53. The Plaintiff’s loss of R3 079 224,77 is calculated as follows:
Average in respect of demolition:
Contract: R 867 808.80
Less average (1) R 779 968.32
______________
TOTAL R 87 840.48
Re-instatement quantum R19 301 647.41
Less average (2) R 2 299 256.45
_____________
TOTAL R17 002 390.96
Total average component
Average (1) R 779 968.32
Average (2) R 2 299 256.45
____________
TOTAL R 3 079 224.77”
The plea is the following:
“28. Ad paragraph 51 thereof
These averments are denied and the Plaintiff is put to the proof thereof.
29. Ad paragraph 52 thereof
The Second Defendant makes no admissions regarding these averments and the Plaintiff is put to the proof thereof.
30. Ad paragraphs 53.1 thereof
30.1 The Second Defendant makes no admissions in this regard and the Plaintiff is put to the proof thereof parties.
30.2 In the alternative, and in the event that it is held that the Plaintiff has suffered the loss alleged, then the Second Defendant pleads that such was not as a result of any gross negligence, wilful default, dishonestly or fraud by it or any of its employees and advisors, and that it is thus not responsible or liable for any such loss in terms of the contract between the parties.”
[16] Counsel for the appellant presented a compendium of objections to the discretion exercised by the court a quo in the following terms:
(i) the court a quo did not take into account that the acquiescence / waiver of a right to challenge the quantum of the respondent’s claim through the role played by Ms Wait during the settlement negotiations between the respondent and Santam Ltd was a new issue that was neither pleaded nor canvased in evidence during the trial.
(ii) the proposed amendment of pleadings to cover the issue of acquiescence waiver should the application for absolution not be granted, was the relevant consideration but was not taken into account.
(iii) it was not taken into account that, since the demolition of the structure damaged in the fire has occurred and construction of the first phase of the replacement building has taken place, the appellant is not a position to make an independent assessment of the value of risk.
(iv) the court a quo failed to apply the principle enunciated in the case of Blose v Ethekwini Municipality (2005/2014); (2015) ZASCA 87 (20 May 2015) that in considering prejudice a court should not weigh the prejudice to be suffered by the appellant against the likely outcome of the trial (such as prescription) but it must consider what is ultimately procedurally fair to the parties (such as finality in the litigation).
(v) the court a quo erred in failing to find that the remissness of the legal representatives of the respondent should be visited upon the head of the respondent.

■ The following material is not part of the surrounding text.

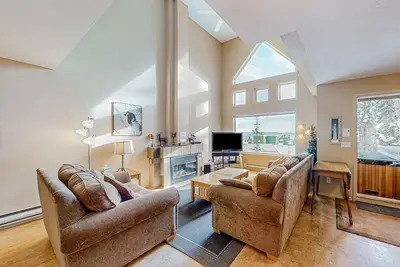 Image de Big White Ski Resort cabin with hot tub, balcony, & two kitchens - walk to lifts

(vi) the court a quo ought to have taken into account that no costs order was made against the respondent which would be a healing balm to the prejudice, suffered by the appellant.
[17] It was submitted on behalf of the respondent that the court a quo correctly exercised discretion as envisaged in the case of Mkhwanazi v Van Der Merwe and Another, supra, at 616 B-D where the Appellate Division emphasized that it would be inappropriate for judicial decisions to lay down immutable conditions which have to be satisfied before the relief sought can be granted. It was submitted that the mistaken assumptions or misconstruing of the pleadings were of little moment, as found by the court a quo, if compared with the prejudice that the respondent is likely to suffer if the re-opening of its case is not granted and the application for absolution is granted. Counsel for the respondent argued that the intention expressed in the papers by the respondent to amend the pleadings was correctly found to be an irrelevant consideration as no application for amendment of pleadings served before the court a quo.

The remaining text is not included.